> **Prompt**: Only the lines from the start of the data through the line containing "Five of Celtic’s" should be written out, exactly as they are, with both ends included and the pictures left out.

━━ Supplied entries

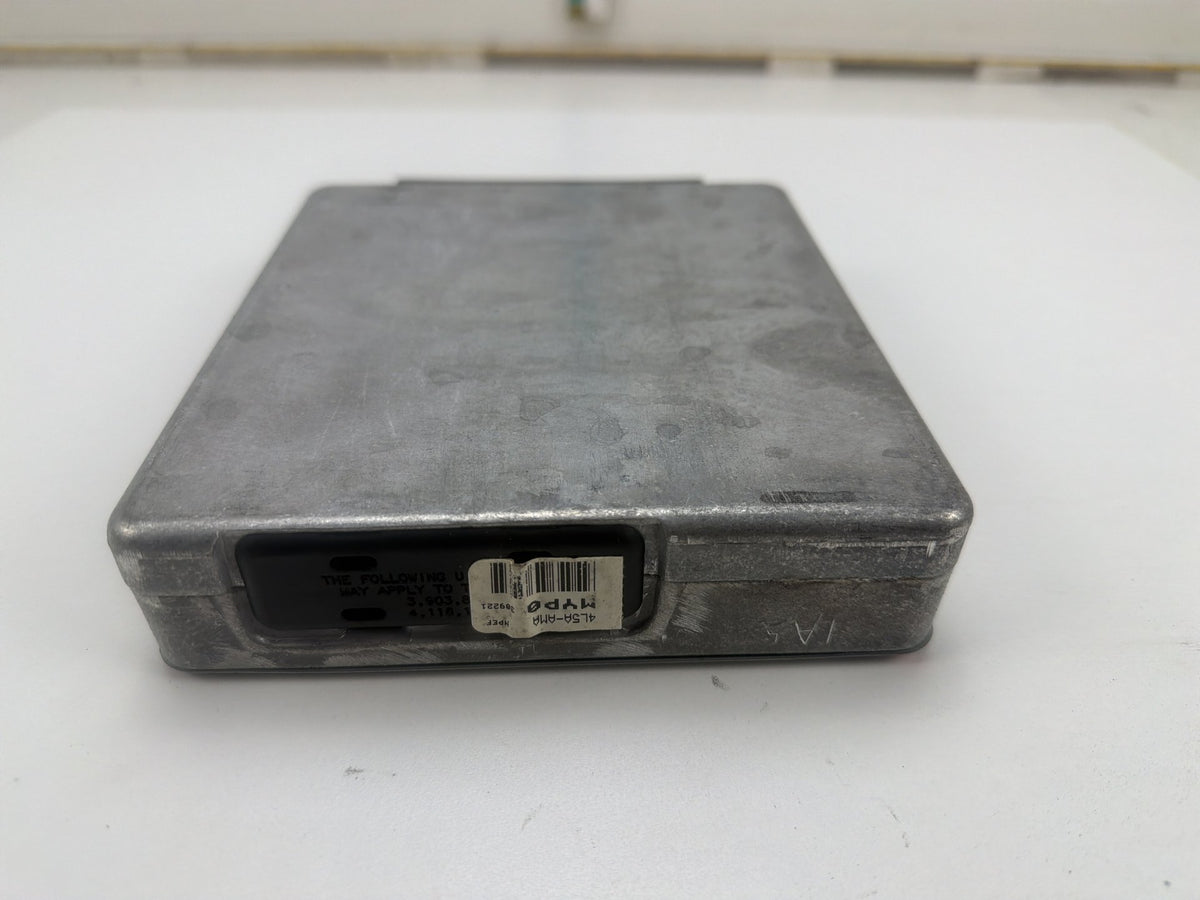 2004 Ford Ranger Engine Computer Control Module ECU ECM PCM 4L5A-12A650-AMA OEM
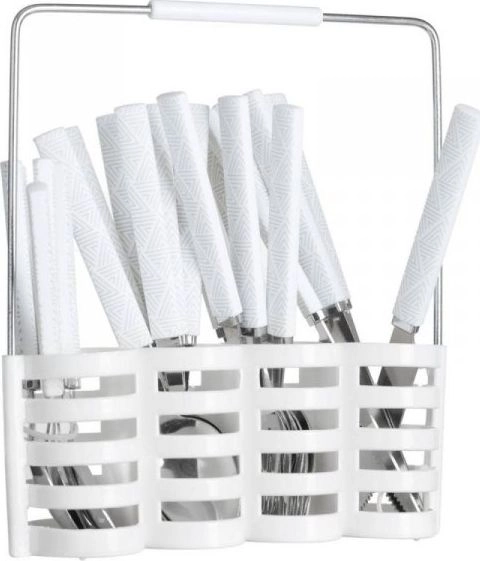 Home decoration Set of 24 white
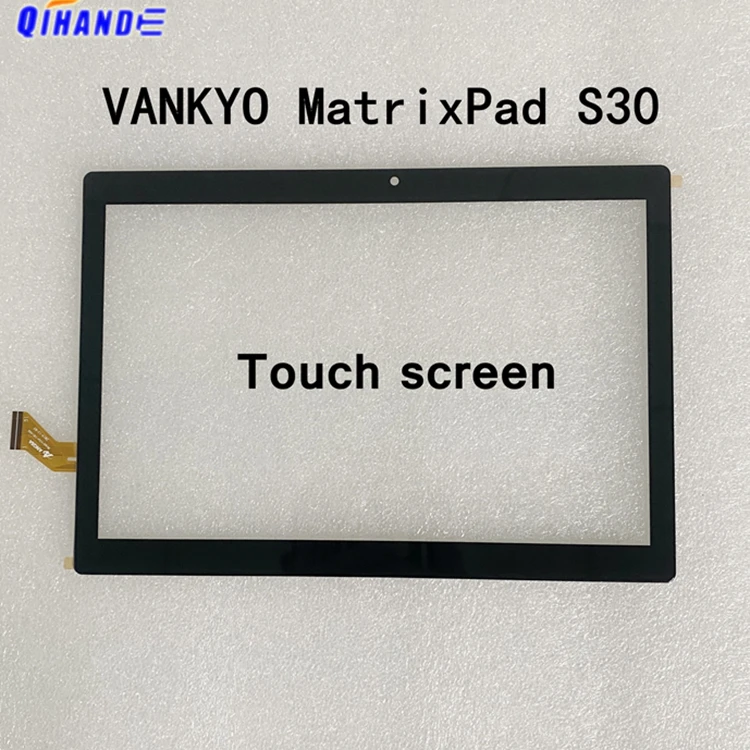 2.5D New 10.1'' Inch Touch For Vankyo MatrixPad S30 Tablet Kids PC Touch Screen Panel Outter Digitizer Glass Touch Sensor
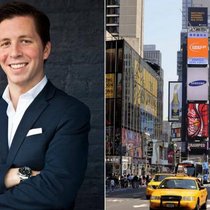 Daniel Dessauges ist in New York Verkaufschef der Schweizer Firma zkipster.Keystone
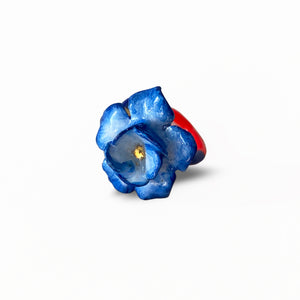 Contraste de Colores Flower Ring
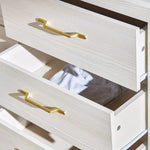 Load image into Gallery viewer, 6-Drawer Dresser with Mirror, Sleek And Modern Design Vanity Table-GCC Home Center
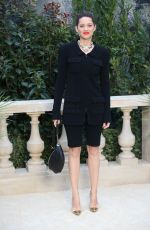 MARION COTILLARD at Chanel Fashion Show in Paris 01/22/2019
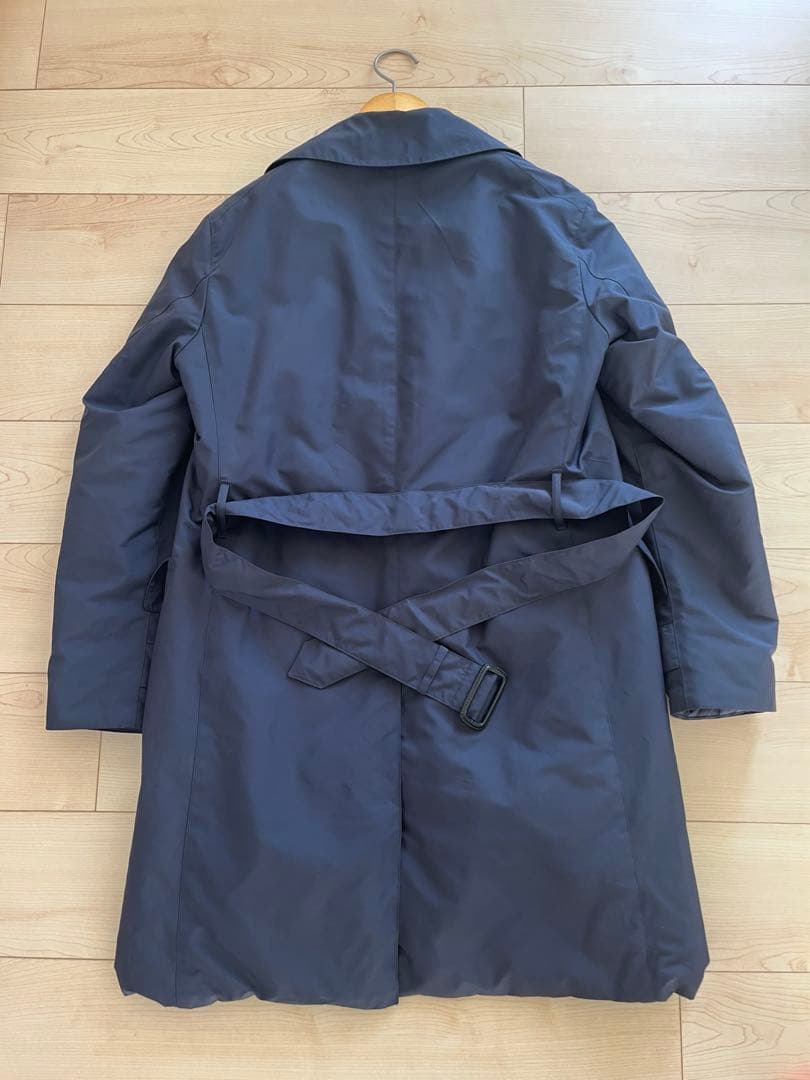 ノースフェイス パープルレーベル 中綿 トレンチコート north face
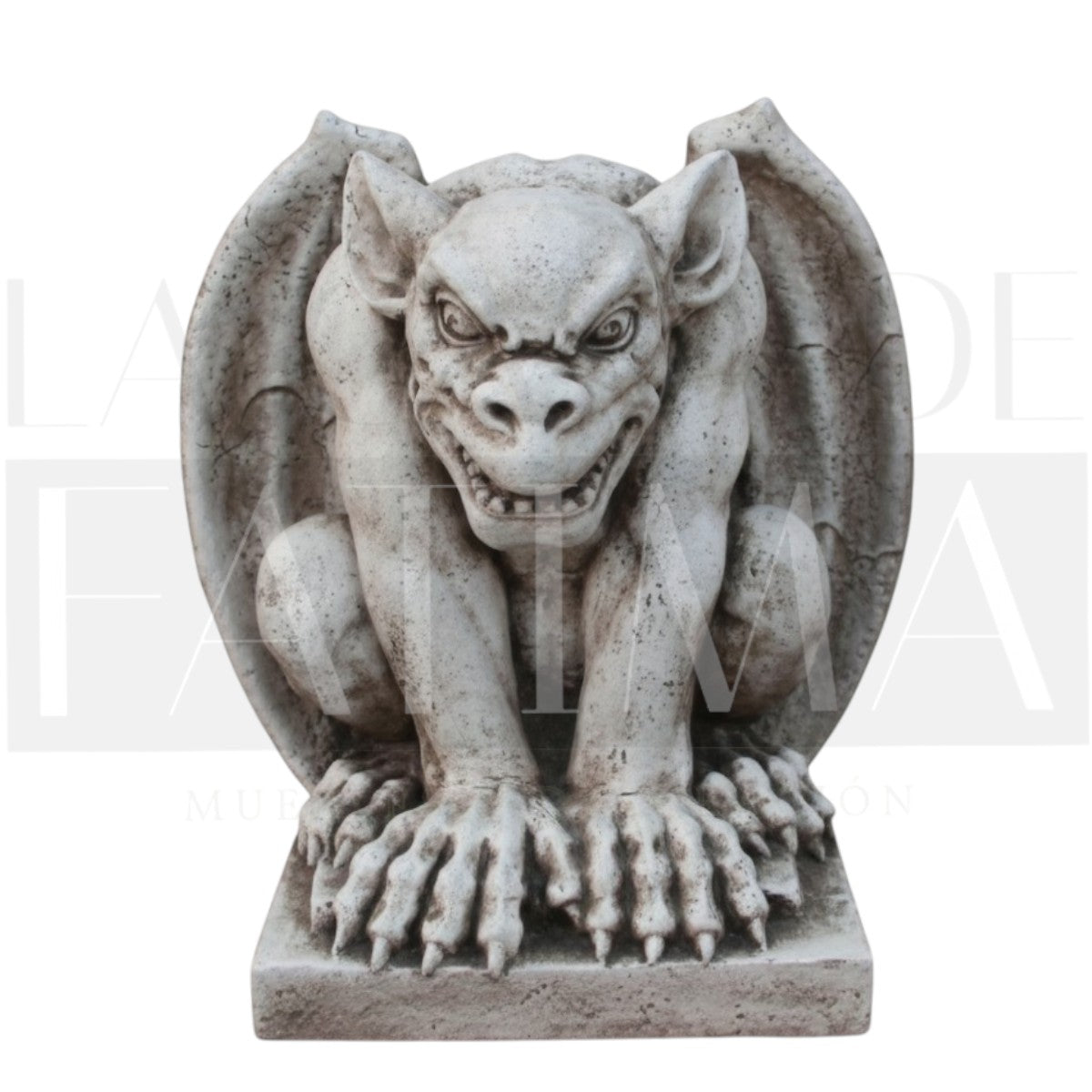 Figura Gárgola Agazapada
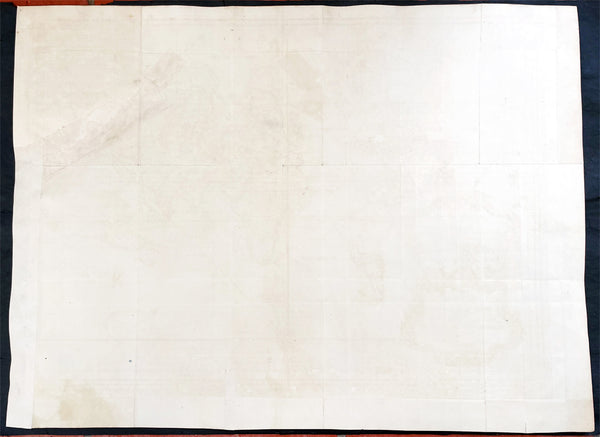 1750 J N Bellin Large Antique World Map on Mercators Projection - 27091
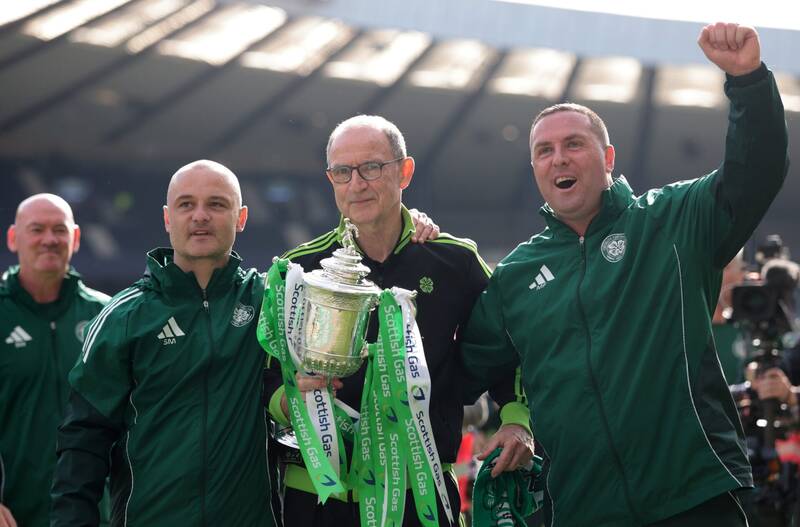 Five of Celtic’s best players during the past 12 months, including two departed stars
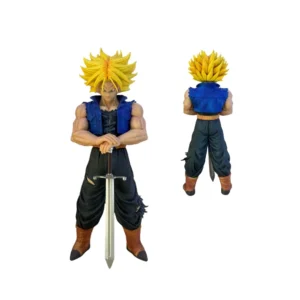 Action Figure Trunks do Futuro (Super Saiyan) - 25cm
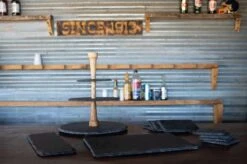 Boska Serveerplank Leisteen L - Met Antislip Voetjes - Beschrijfbaar - Zwart - 33 Cm -Merkloos Verkoopwinkel 1200x798 9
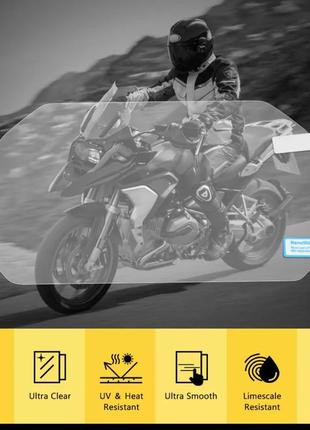 Кемімото мотоциклетная пленка защитная пленка для экрана кластерная защита от царапин для bmw r1200gs r1250gs c400 lc adv2 фото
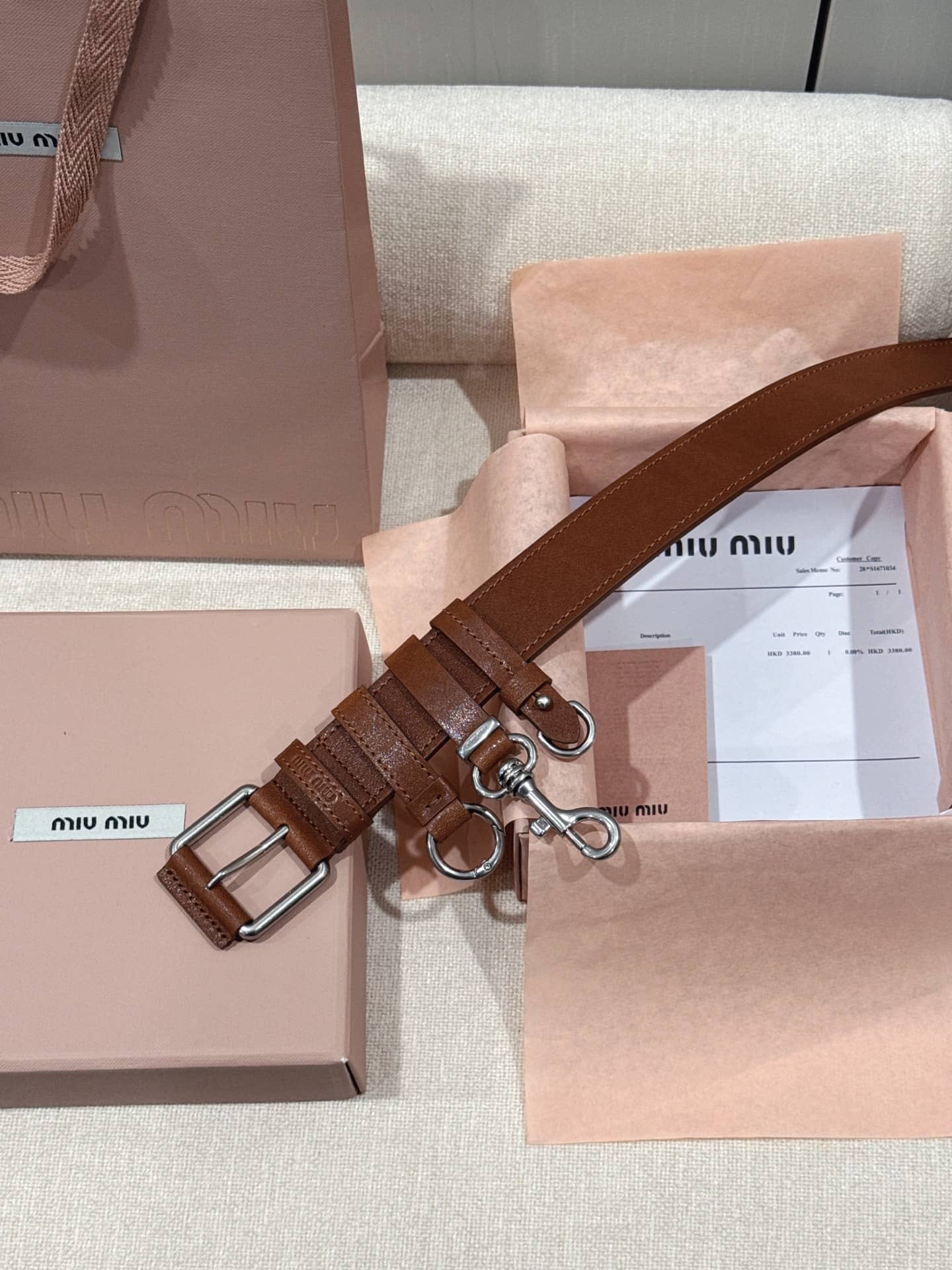 Miumiu Belt-023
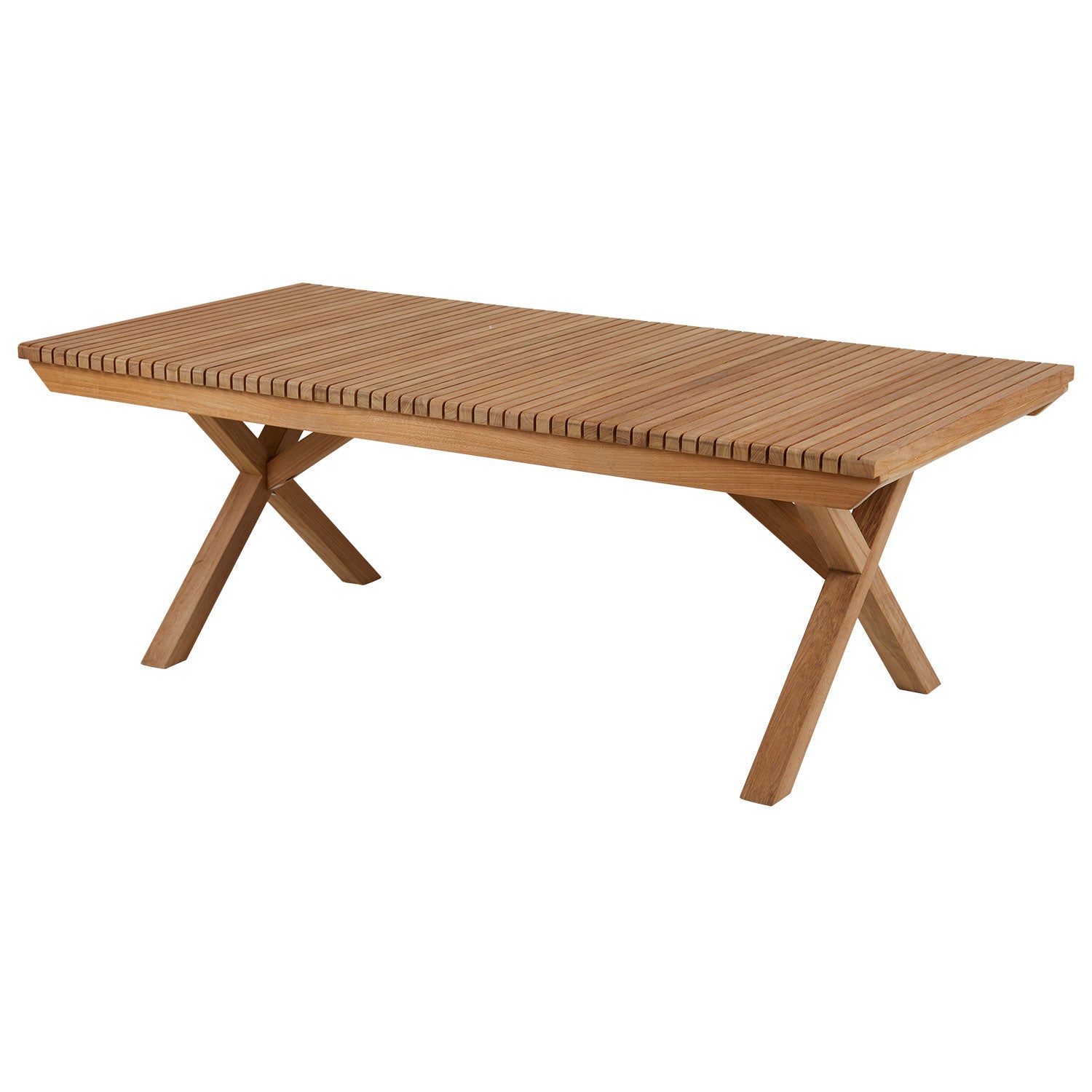 Julita salongbord 69 x 140 natur Brafab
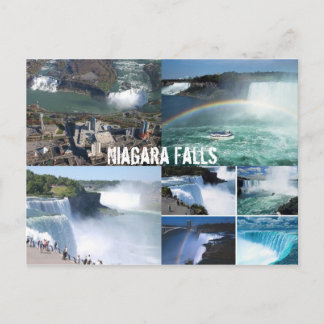 Postal de las Cataratas del Niágara
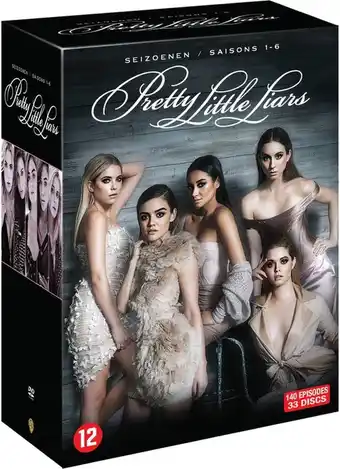 Bol.com Pretty Little Liars - Seizoen 1 - 6 (DVD) aanbieding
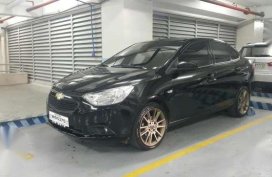 Chevrolet Sail 1.5 2017 Black AT For Sale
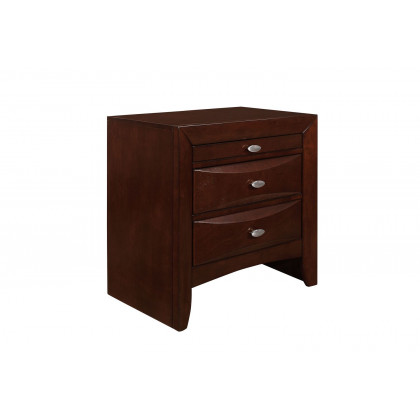 GF Linda Merlot Nightstand
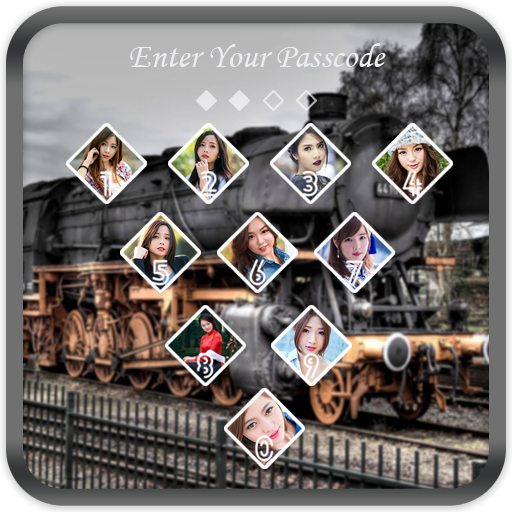 Train Lock Screen icon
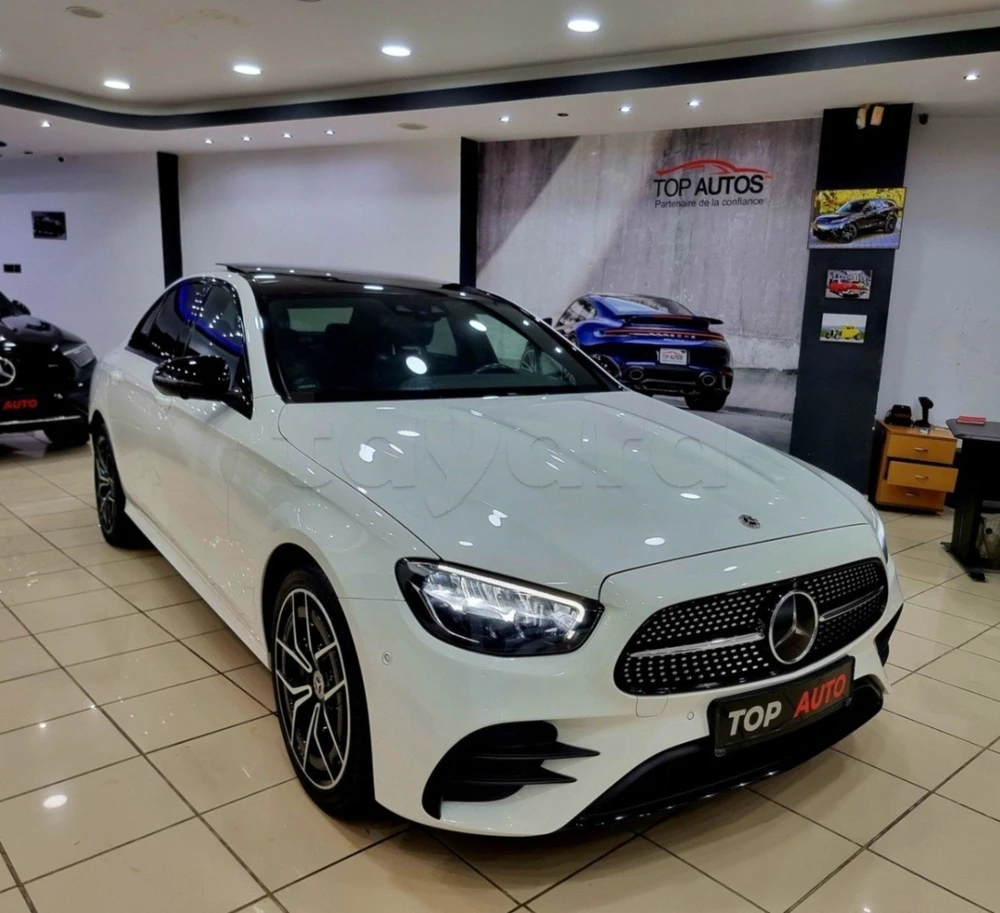 Carte voiture Mercedes-Benz Classe E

━━━━

> **Result for this exercise**:
 2004 Ford Ranger Engine Computer Control Module ECU ECM PCM 4L5A-12A650-AMA OEM
 Home decoration Set of 24 white
 2.5D New 10.1'' Inch Touch For Vankyo MatrixPad S30 Tablet Kids PC Touch Screen Panel Outter Digitizer Glass Touch Sensor
 Daniel Dessauges ist in New York Verkaufschef der Schweizer Firma zkipster.Keystone
 Contraste de Colores Flower Ring
 Load image into Gallery viewer, 6-Drawer Dresser with Mirror, Sleek And Modern Design Vanity Table-GCC Home Center
 MARION COTILLARD at Chanel Fashion Show in Paris 01/22/2019
 ノースフェイス パープルレーベル 中綿 トレンチコート north face
 Figura Gárgola Agazapada
 1750 J N Bellin Large Antique World Map on Mercators Projection - 27091
 Five of Celtic’s best players during the past 12 months, including two departed stars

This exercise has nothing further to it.